By default, background is false for building MongoDB indexes. You can combine the background option with other options, as in the following

db.people.ensureIndex( { zipcode: 1}, {background: true, sparse: true } )

Behavior – As of MongoDB version 2.4, a mongod instance can build more than one index in the background concurrently. Changed in version 2.4: Before 2.4, a mongod instance could only build one background index per database at a time. Changed in version 2.2: Before 2.2, a single mongod instance could only build one index at a time.

Background indexing operations run in the background so that other database operations can run while creating the index. However, the mongo shell session or connection where you are creating the index will block until the index build is complete. To continue issuing commands to the database, open another connection or mongo instance.

Queries will not use partially-built indexes: the index will only be usable once the index build is complete. If MongoDB is building an index in the background, you cannot perform other administrative operations involving that collection, including running repairDatabase, dropping the collection (i.e. db.collection.drop()), and running compact. These operations will return an error during background index builds.

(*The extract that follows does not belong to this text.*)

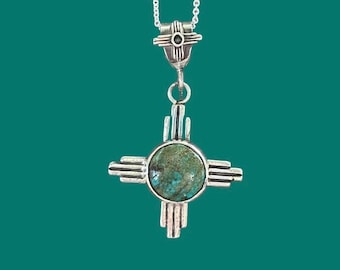 Beautiful Large Sterling Silver Green Turquoise Southwest ZIA Sun Symbol Pendant/Necklace. Made in the heart of New Mexico.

Performance – The background index operation uses an incremental approach that is slower than the normal “foreground” index builds. If the index is larger than the available RAM, then the incremental process can take much longer than the foreground build. If your application includes ensureIndex() operations, and an index doesn’t exist for other operational concerns, building the index can have a severe impact on the performance of the database. To avoid performance issues, make sure that your application checks for the indexes at start up using the getIndexes() method or the equivalent method for your driver and terminates if the proper indexes do not exist. Always build indexes in production instances using separate application code, during designated maintenance windows.

Building Indexes on Secondaries – Changed in version 2.6: Secondary members can now build indexes in the background. Previously all index builds on secondaries were in the foreground. Background index operations on a replica set secondaries begin after the primary completes building the index. If MongoDB builds an index in the background on the primary, the secondaries will then build that index in the background.

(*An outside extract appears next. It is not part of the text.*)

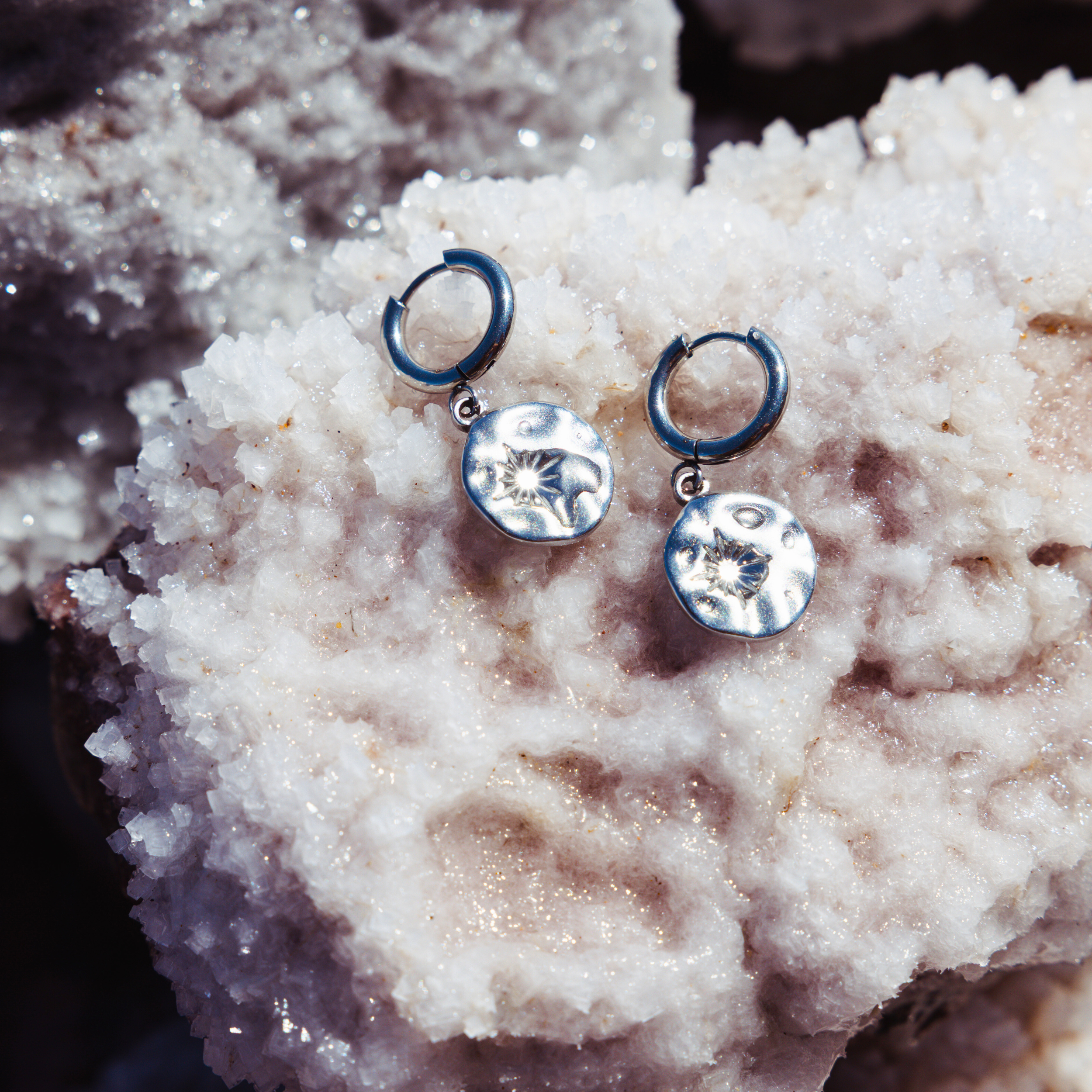 Lore of the Sea surf jewellery silver earrings drift coin style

To build large indexes on secondaries the best approach is to restart one secondary at a time in standalone mode and build the index. After building the index, restart as a member of the replica set, allow it to catch up with the other members of the set, and then build the index on the next secondary. When all the secondaries have the new index, step down the primary, restart it as a standalone, and build the index on the former primary. The amount of time required to build the index on a secondary must be within the window of the oplog, so that the secondary can catch up with the primary. Indexes on secondary members in “recovering” mode are always built in the foreground to allow them to catch up as soon as possible.

Drop Duplicates – MongoDB cannot create a unique index on a field that has duplicate values. To force the creation of a unique index, you can specify the dropDups option, which will only index the first occurrence of a value for the key, and delete all subsequent values. As in all unique indexes, if a document does not have the indexed field, MongoDB will include it in the index with a “null” value.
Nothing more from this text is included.